**Problem statement**
Starting with the line that has "Metal Clipboard, A4" in the records below and stopping after the line that has "Women Leather Knee", output every line exactly and nothing else; skip pictures.

START Available data

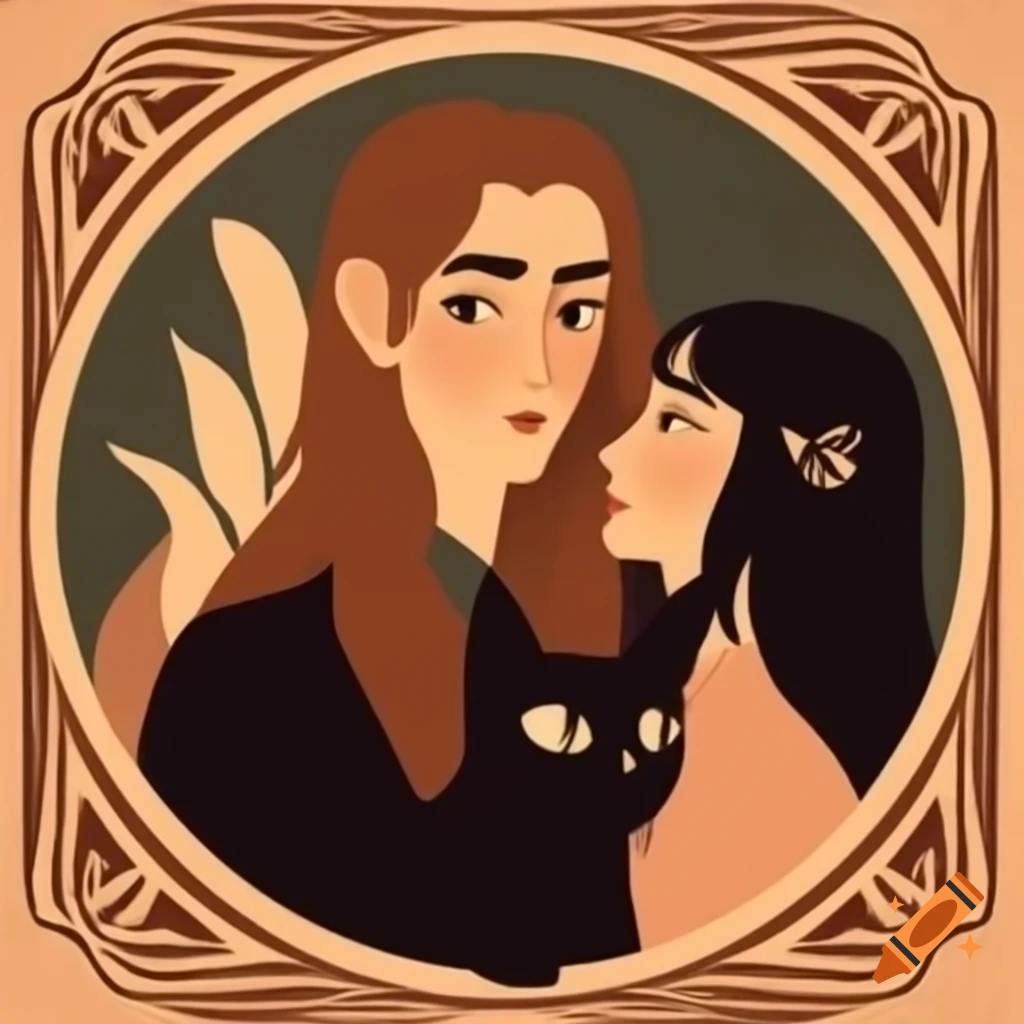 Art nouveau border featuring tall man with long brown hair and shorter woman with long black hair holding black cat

END Available data
START Available data

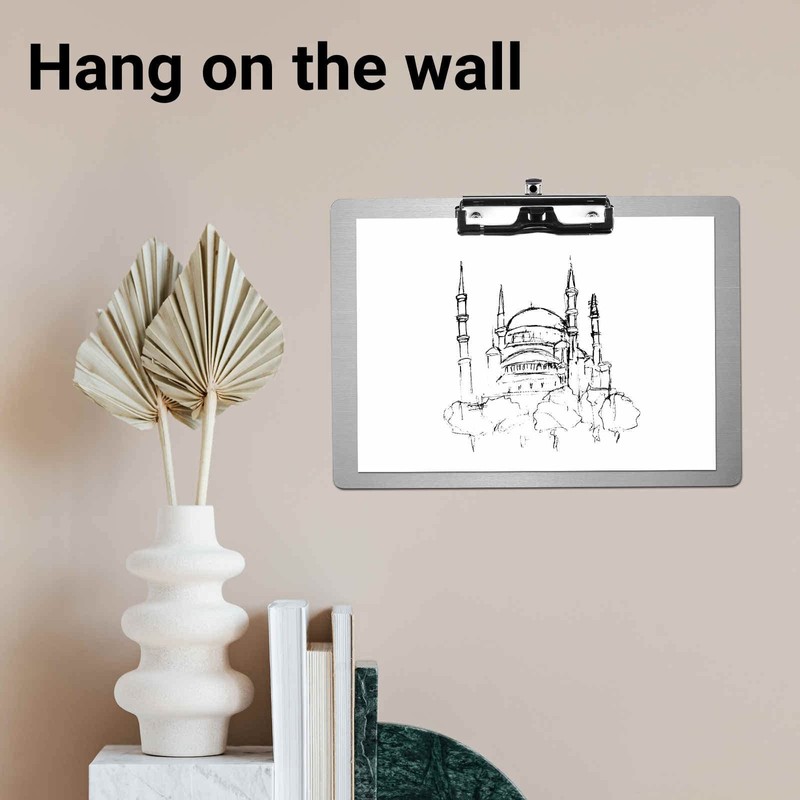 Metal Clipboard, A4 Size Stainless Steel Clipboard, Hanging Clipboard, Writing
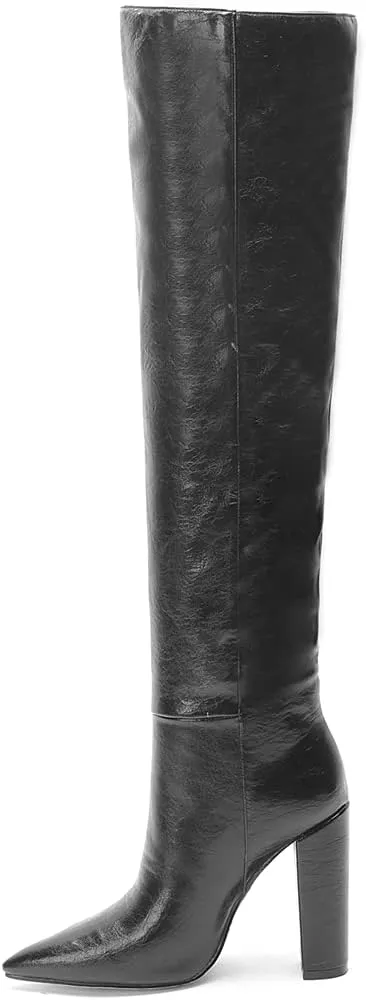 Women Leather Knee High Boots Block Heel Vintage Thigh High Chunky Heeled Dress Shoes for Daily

END Available data
START Available data

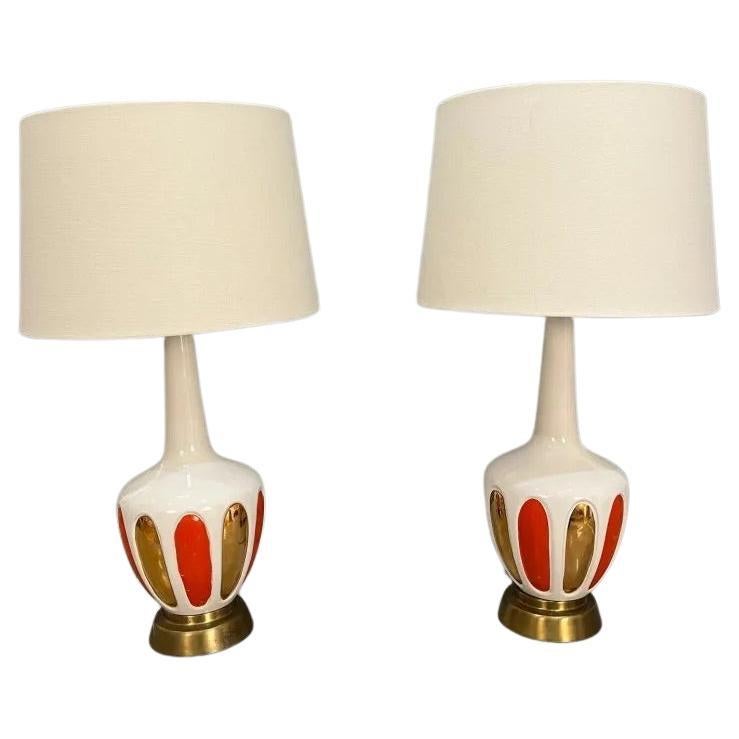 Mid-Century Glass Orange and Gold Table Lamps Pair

END Available data

**Task result**
 Metal Clipboard, A4 Size Stainless Steel Clipboard, Hanging Clipboard, Writing
 Women Leather Knee High Boots Block Heel Vintage Thigh High Chunky Heeled Dress Shoes for Daily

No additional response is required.